Beth Cochran

Personal information
- Born: June 11, 1964 (age 61) Hamiota Municipality, Manitoba, Canada

Career information
- High school: Hamiota Collegiate
- College: University of Winnipeg (1982–1987)

Career history
- 1986-1987: Canada women's national basketball team

Career highlights
- Great Plains Athletic Conference Player of the Year (1984, 1986, 1987); Canadian Interuniversity Athletic Union All-Canadian (1983, 1984, 1985, 1986, 1987); Canadian Interuniversity Athletic Union Silver Medalist (1984); Manitoba Sports Hall of Fame and Museum inductee (1996); 1986 FIBA World Championship for Women Bronze Medalist (1986); Pan American Games Bronze Medalist (1987);

= Beth Cochran =

Canadian-American educator and basketball player

Alice Beth Cochran (born June 11, 1964) is a Canadian-American educator, educational consultant, and former basketball player. She played for the Winnipeg Wesmen from 1982 to 1987 and served as team captain from 1985 to 1987. Cochran was selected as a Canadian Interuniversity Athletic Union All-Canadian every year of her collegiate career, and led the Winnipeg Wesmen to four national championship tournaments. She was the Great Plains Athletic Conference Player of the Year in 1984, 1986, and 1987. Cochran holds the women's records for leading scorer and leading in career rebounds at the University of Winnipeg. She joined the Canada women's national basketball team and won bronze medals at the 1986 FIBA World Championship for Women and at the 1987 Pan American Games. In 1996, Cochran was inducted into the Manitoba Sports Hall of Fame and Museum.

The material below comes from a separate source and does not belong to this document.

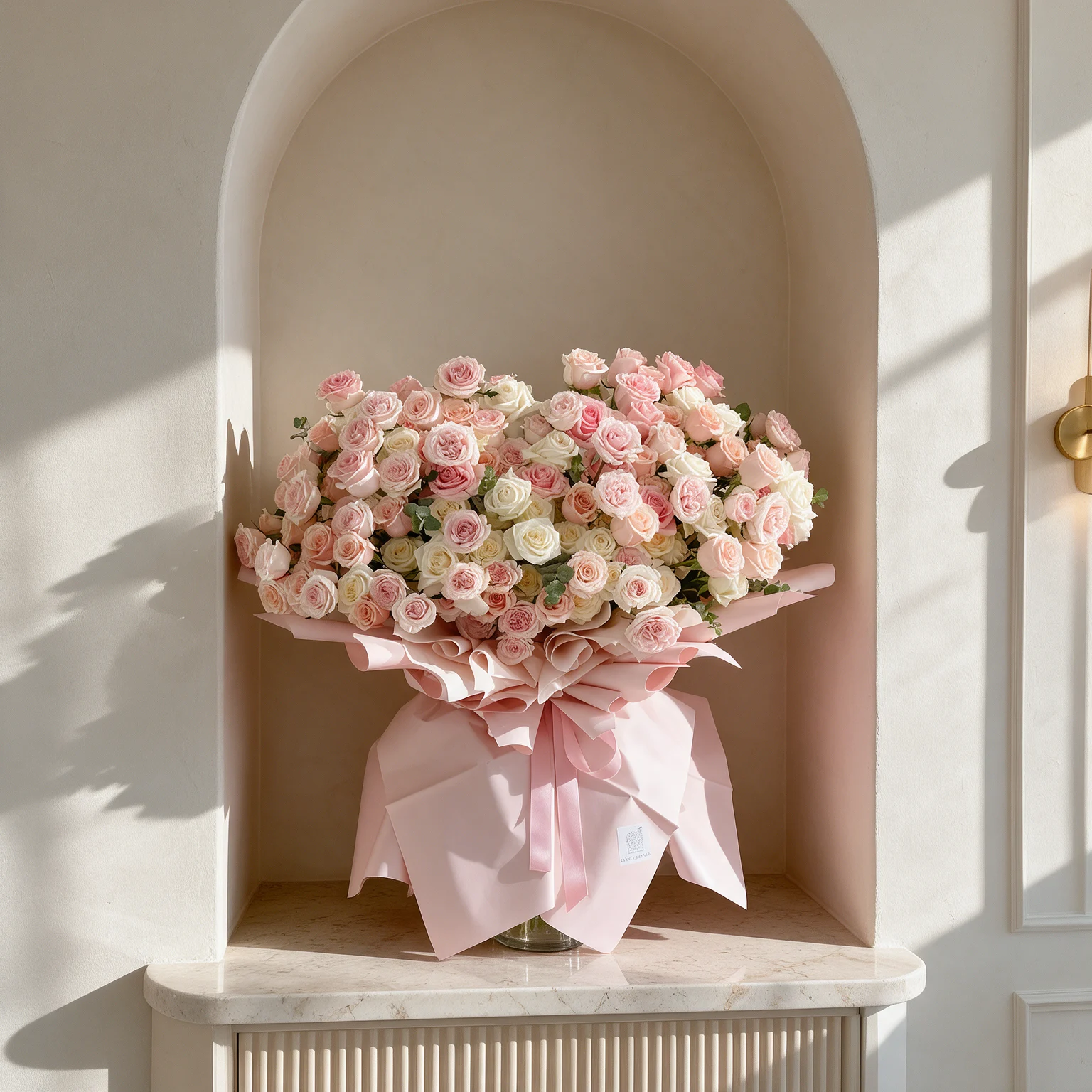 Luxury bouquet of 80 pink and white spray roses arranged together and wrapped in elegant pink paper. Luxury bouquet of 80 pink and white spray roses arranged together and wrapped in elegant pink paper.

Cochran is the senior director of magnet and curriculum enhancement programs for the Wake County Public School System and previously served as the principal at John W. Ligon Magnet Middle School and William G. Enloe Magnet High School in Raleigh, North Carolina.

== Early life and education ==
Cochran was born on June 11, 1964, in Hamiota, Canada. She graduated from Hamiota Collegiate High School in 1982. She went on to obtain a degree in education from the University of Winnipeg and a doctorate in education from North Carolina State University.

== Basketball ==
Cochran played basketball for the Hamiota Collegiate Huskies.

She went on to play at the University of Winnipeg and was team captain from 1985 to 1987. She holds the University of Winnipeg women's basketball record for all-time leading scorer, with 4,079 career points, and the record for leading in career rebounds, with 2,056. She also holds the record for most rebounds in a single season, with 563 rebounds during the 1982 to 1983 season.

Although she never won a national championship, Cochran led the Winnipeg Wesmen to four national championships. She was named a Canadian Interuniversity Athletic Union All-Canadian every year of her collegiate career and won a silver medal from the union during the 1983-1984 season. Cochran was named the Great Plains Athletic Conference player of the year in 1984, 1986, and 1987.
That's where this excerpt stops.